Però non sono in ogni caso tutte rose e fiori. Una tennista in attrito con la propria federazione potrebbe dover rinunciare alla Fed Cup e molto probabilmente anche alle Olimpiadi. A proposito di Olimpiadi: Osaka lo scorso anno era stata scelta dal comitato di Tokyo 2020 come testimonial dei Giochi (rinviati al 2021 a causa della pandemia); e chissà se gli organizzatori dell’evento hanno gradito le sue ultime mosse pubbliche.
Questo ci introduce a un altro aspetto che riguarda Naomi: il pronunciamento politico di una giocatrice giapponese su questioni che hanno avuto il loro fulcro negli Stati Uniti. Ricordo che Osaka è nata in Giappone (da madre giapponese e padre haitiano), ma la sua famiglia si è trasferita negli USA quando lei aveva tre anni, e dunque negli USA risiede da circa 20 anni.

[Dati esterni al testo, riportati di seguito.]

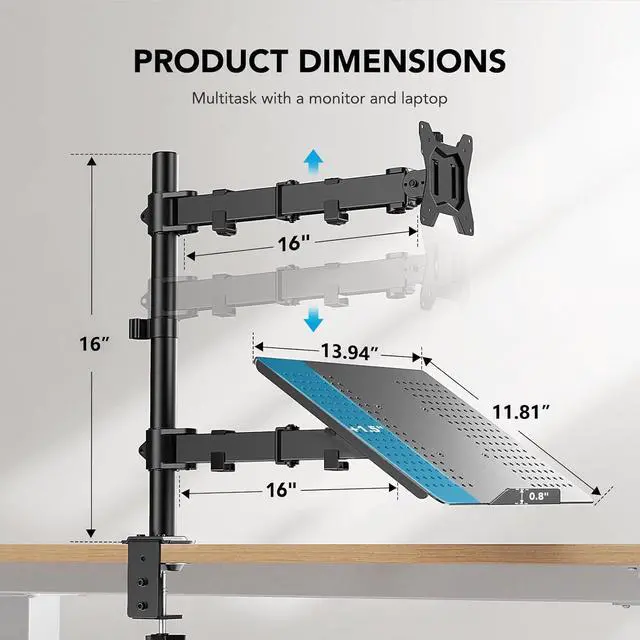 Alt view image 6 of 7 - Adjustable Monitor Stand Single Arm Desk Mount for 32 inch Screen and 17 inch Laptop Heavy Duty Ergonomic Bracket Holds 22lbs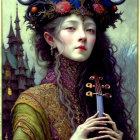 Portrait of woman in black hat with red flowers, holding a violin by castle spires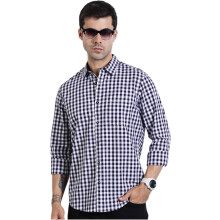 Thomas Scott Herre | 100% Bomuld | Langærmet | Slim Fit | Spread Krave | Tjekket Mønster | Casual Skjorte (Ts1476_Navy_Xl)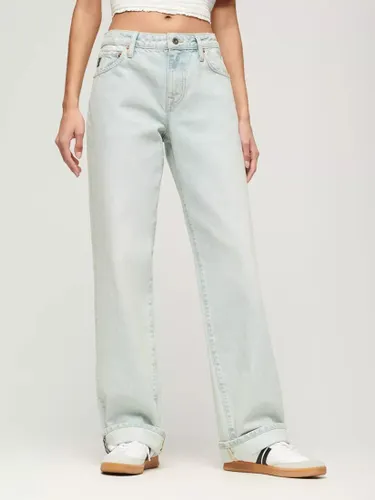 Superdry Organic Cotton Mid Rise Wide Leg Jeans, Williamsburg Blue - Williamsburg Blue - Female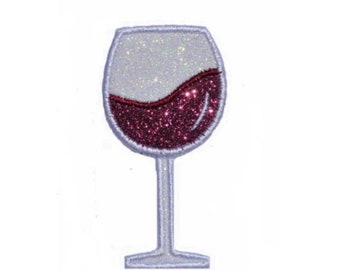 WIne Glass 1.75 inches " Iron On Brilliant NO MESS glitter PN64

Ecco, la scelta di Osaka è forse un po’ più coraggiosa se teniamo presente che Naomi è scesa in piazza negli Stati Uniti da “straniera”. Infatti per obblighi stabiliti dalla legge giapponese, lo scorso anno ha dovuto avviare la pratica di rinuncia al passaporto statunitense. Ma evidentemente in questo caso ha prevalso la sua storia personale, ricca di riferimenti transnazionali, che non si possono confinare dentro i vincoli di una cittadinanza. Lo ha sostenuto lei stessa in una parte dell’articolo su Esquire: “Una singola etichetta non è mai stata sufficiente per descrivermi, ma ci hanno provato lo stesso. È giapponese? Americana? Haitiana? Nera? Asiatica? Beh, sono tutte queste cose assieme”.
C’è un ulteriore elemento da non sottovalutare della decisione di Osaka: la scelta politica a favore di una società plurale, espressa in quanto giocatrice e cittadina giapponese. Non dimentichiamo che se Osaka ha guadagnato così tanto, molto lo deve agli sponsor del sol levante. E cultura e mentalità giapponese non sono quelle statunitensi.

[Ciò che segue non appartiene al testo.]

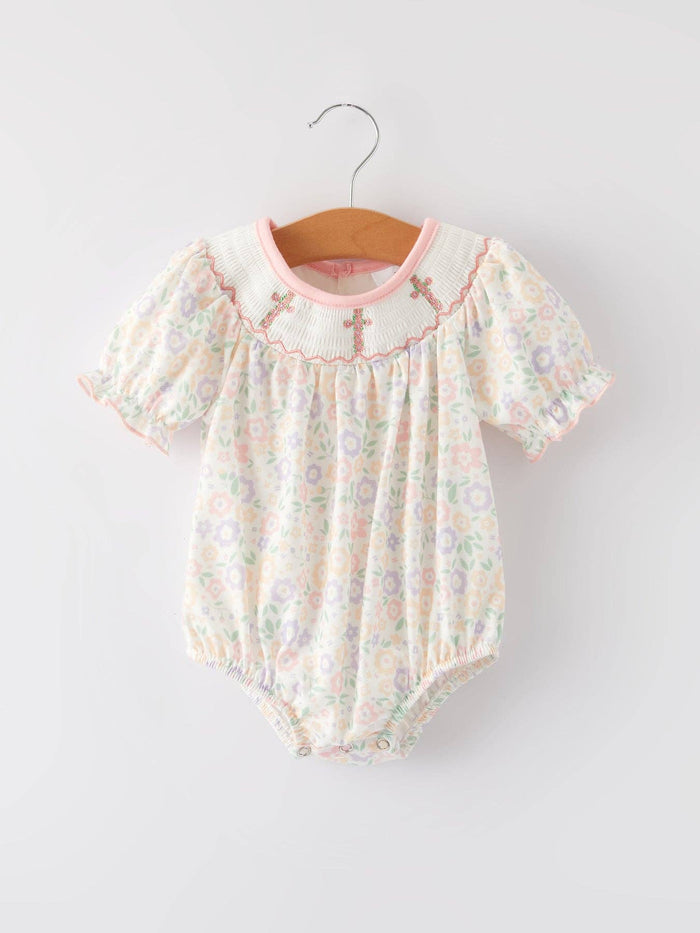 Spring Summer Cross Smocking Embroidery Colorful Romper - Premium Baby & Toddler Outfits from Rylee Faith Designs - Just $24.95! Shop now at Pat's Monograms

Ha scritto Naomi a proposito del suo rapporto con il paese di nascita: “Il Giappone è una nazione molto omogenea, e per questo ho faticato a parlare di razzismo. Ho ricevuto commenti razzisti online e persino in TV, ma si tratta di una minoranza. In realtà, le persone di razza mista – e soprattutto gli atleti di razza mista – sono il futuro del Giappone. Io, Rui Hachimura [giocatore di basket NBA, ndr] e altri ancora, siamo stati accettati dalla maggior parte del pubblico, dei tifosi, degli sponsor e dei media”.

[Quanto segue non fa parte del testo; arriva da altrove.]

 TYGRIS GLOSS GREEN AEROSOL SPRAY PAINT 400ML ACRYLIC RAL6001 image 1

Sotto questo aspetto va ricordato come lo scorso anno ci furono polemiche per un cartone animato realizzato da uno sponsor giapponese di Naomi in cui era raffigurata come una giocatrice di pelle bianca. Allora si era espressa in modo piuttosto cauto, senza entrare nel merito (“Avrebbero dovuto parlarmene”); difficile dire se perché ritenesse la vicenda secondaria, o perché non desiderasse ancora esporsi in modo così deciso come ha fatto di recente. E questa evoluzione ci conduce agli aspetti più personali del suo impegno.
a pagina 2: L’aspetto personale della Osaka “politica”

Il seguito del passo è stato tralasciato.